CRO Profile- Andrew Hitchcox

Author: Andrew Hitchcox

Date: 5th June 2015

Published by: Institute and Faculty of Actuaries

Interview with Andrew Hitchcox, Group CRO, Tokio Marine Kiln

If you want to become a CRO, watch lots of spy stories; read lots of John le Carré books!

Back in the “old days”, it was quite typical that you come through a practice area, you became a senior manager as an actuary, you might even become a Chief Actuary, and at some stage you get involved in risk management and you become Chief Risk Officer. To young actuaries now, I would say join a risk team if you want to get into risk management.

You have got to love complexity and change to go into risk, because it will happen to you all the time. For some people their great strength is linearity and directness, for others it is complexity and ifs and buts and maybes. You have to love the second bit. Once a week you’ll get a surprise which you never expected. By that I mean things have just turned out to be quite different to what you had planned and you have to be able to adjust automatically.

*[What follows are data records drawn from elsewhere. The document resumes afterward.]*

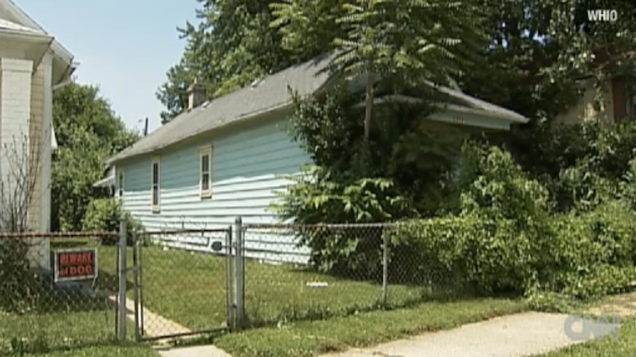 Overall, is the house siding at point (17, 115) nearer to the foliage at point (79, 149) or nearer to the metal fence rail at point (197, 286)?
the metal fence rail at point (197, 286)

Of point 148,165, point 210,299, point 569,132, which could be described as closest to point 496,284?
point 210,299

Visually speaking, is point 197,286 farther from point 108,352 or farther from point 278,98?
point 278,98

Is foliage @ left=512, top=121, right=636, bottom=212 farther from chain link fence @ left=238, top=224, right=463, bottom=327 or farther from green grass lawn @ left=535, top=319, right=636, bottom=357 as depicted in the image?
green grass lawn @ left=535, top=319, right=636, bottom=357

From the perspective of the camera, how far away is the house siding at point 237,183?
1235 centimetres

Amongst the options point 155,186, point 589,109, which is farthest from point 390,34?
point 155,186

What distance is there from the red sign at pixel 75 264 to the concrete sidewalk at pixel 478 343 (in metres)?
1.07

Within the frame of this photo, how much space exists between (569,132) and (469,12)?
7316 millimetres

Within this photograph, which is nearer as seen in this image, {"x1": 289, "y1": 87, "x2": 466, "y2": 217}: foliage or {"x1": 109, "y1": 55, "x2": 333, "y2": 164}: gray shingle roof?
{"x1": 289, "y1": 87, "x2": 466, "y2": 217}: foliage

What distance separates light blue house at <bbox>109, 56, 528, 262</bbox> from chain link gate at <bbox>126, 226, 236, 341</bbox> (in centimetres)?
78

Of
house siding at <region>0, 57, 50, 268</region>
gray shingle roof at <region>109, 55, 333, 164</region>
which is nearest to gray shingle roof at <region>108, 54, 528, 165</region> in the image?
gray shingle roof at <region>109, 55, 333, 164</region>

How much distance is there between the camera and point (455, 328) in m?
6.58

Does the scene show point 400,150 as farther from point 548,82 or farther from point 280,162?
point 548,82

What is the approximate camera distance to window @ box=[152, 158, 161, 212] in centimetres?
1992

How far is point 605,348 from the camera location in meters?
5.48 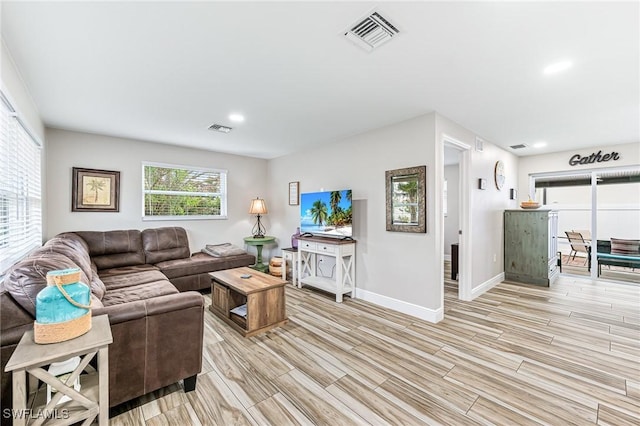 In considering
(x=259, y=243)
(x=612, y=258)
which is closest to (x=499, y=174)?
(x=612, y=258)

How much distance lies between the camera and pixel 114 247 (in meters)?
3.89

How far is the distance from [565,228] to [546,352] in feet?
14.0

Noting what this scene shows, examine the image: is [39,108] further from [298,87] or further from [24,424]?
[24,424]

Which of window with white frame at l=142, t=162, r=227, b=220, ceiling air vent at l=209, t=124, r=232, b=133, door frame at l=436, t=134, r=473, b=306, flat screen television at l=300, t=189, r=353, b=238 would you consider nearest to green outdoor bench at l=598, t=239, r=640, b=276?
door frame at l=436, t=134, r=473, b=306

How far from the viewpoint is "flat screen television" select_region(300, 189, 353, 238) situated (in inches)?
151

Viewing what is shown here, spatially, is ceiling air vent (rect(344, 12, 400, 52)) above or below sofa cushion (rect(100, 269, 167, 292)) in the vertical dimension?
above

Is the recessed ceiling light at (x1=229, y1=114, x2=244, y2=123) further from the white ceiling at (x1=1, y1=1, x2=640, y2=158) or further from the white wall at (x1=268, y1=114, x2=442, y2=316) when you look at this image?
the white wall at (x1=268, y1=114, x2=442, y2=316)

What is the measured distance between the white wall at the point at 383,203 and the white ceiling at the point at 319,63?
1.05ft

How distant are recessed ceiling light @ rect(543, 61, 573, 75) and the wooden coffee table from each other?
3078 millimetres

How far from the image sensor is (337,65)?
6.95 ft

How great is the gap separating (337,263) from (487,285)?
8.44 feet

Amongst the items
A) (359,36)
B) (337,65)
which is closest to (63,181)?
(337,65)

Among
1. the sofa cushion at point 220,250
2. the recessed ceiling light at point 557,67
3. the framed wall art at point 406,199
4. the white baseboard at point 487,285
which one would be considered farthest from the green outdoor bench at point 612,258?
the sofa cushion at point 220,250

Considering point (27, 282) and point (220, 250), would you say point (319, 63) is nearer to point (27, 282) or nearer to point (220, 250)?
point (27, 282) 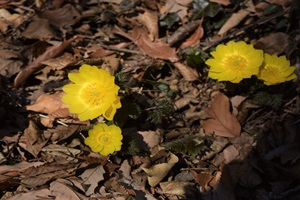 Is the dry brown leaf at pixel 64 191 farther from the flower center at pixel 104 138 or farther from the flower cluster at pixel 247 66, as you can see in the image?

It’s a complex tapestry of different colours and, as they are just about to settle, the colours keep shifting. Risk is not black and white, it is just like a kaleidoscope, but all the time.

My job as CRO is to coordinate teams, get them working, review their outputs and challenge them. I also have to think about what we are not doing. One of the jobs of the CRO is to think of the thing that no one else is talking or thinking about.

My earliest challenge with anybody I meet in risk management for the first time is they still assume that, if you are a risk manager, you are there to stop them doing things because risk is a bad thing. I say to them that my job is to get them to look at the different risks, the good ones that are worth taking (carefully!), and differentiate them from the bad ones which need careful handling. I’m not saying that risk is a good thing automatically, but rather a double edged thing, even the best risk need careful management.

You also have to develop a knack of telling a story, so that you can articulate the negative risk in a way that allows the problem to be solved as a creative solution. If you explain the story well enough it could be almost clear how to solve that issue as you are telling that story.